I completed my PhD in history at the University of Texas at Austin, and am a Lecturer in Modern American history at Cardiff University. I grew up in Manhattan, and earned my BA at Vassar College in Poughkeepsie, NY. I decided to go straight from undergrad to grad school because I’m a huge nerd. So, I moved to Austin and entered the PhD program there in 2007. From 2010 to 2013 I was on the road, doing dissertation research, and then on one-year predoctoral fellowships at the McNeil Center for Early American Studies (in Philadelphia) and at International Security Studies at Yale (in New Haven). From 2013 to 2017 I worked as a Lecturer at the University of Southampton. I live in Bristol.
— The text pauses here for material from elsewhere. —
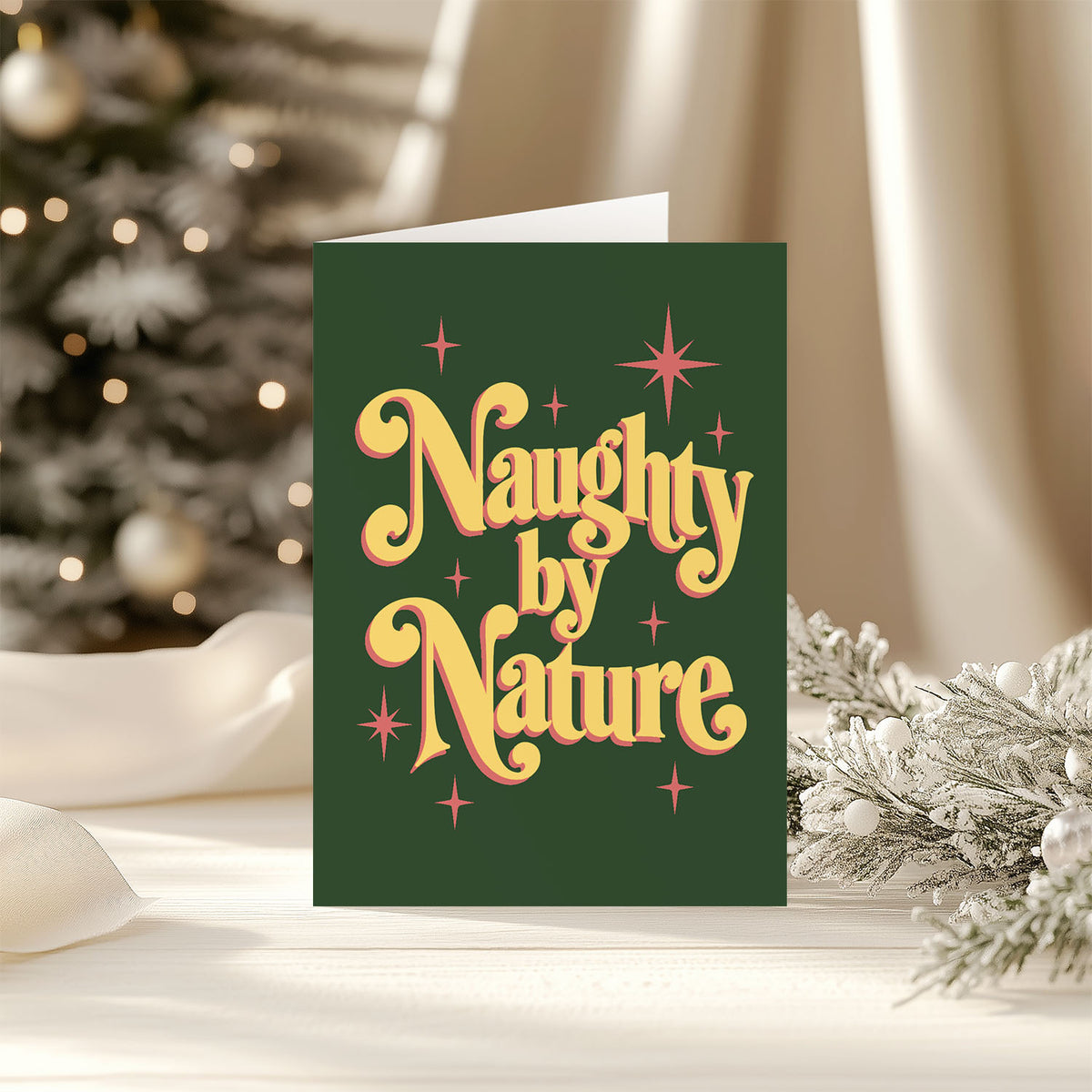 A dark green Christmas greeting card with retro-style yellow and orange lettering that reads 'Naughty by Nature,' styled on a tabletop with a blurred Christmas tree and holiday decorations in the background.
My book, No Useless Mouth: Waging War and Fighting Hunger in the American Revolution, will be published in November 2019 by Cornell University Press. It asks how Native American and formerly enslaved communities used food to wage war and broker peace during and after the American Revolution. It argues that people were not useless mouths; they portrayed hunger strategically, and took steps to avoid it. I have also written about cannibalism and Anglo-Indian foodways in colonial Virginia, initially for my MA, and then for my first article, which appeared in the January 2011 issue of the William and Mary Quarterly. My second article, on taste, eating, and work in Mary Rowlandson’s captivity narrative, was published in Labor: Studies in Working-Class History of the Americas. You can read my article on black Loyalist food laws for Slavery & Abolition here, and my article about Iroquoian food diplomacy in the American Revolution (for Diplomatic History) here.
In my spare time I enjoy baking, cooking, drinking red wine, and deploying large doses of sarcasm. I’m happy to talk to anyone about applying to grad school, researching or writing about food, and early America in general.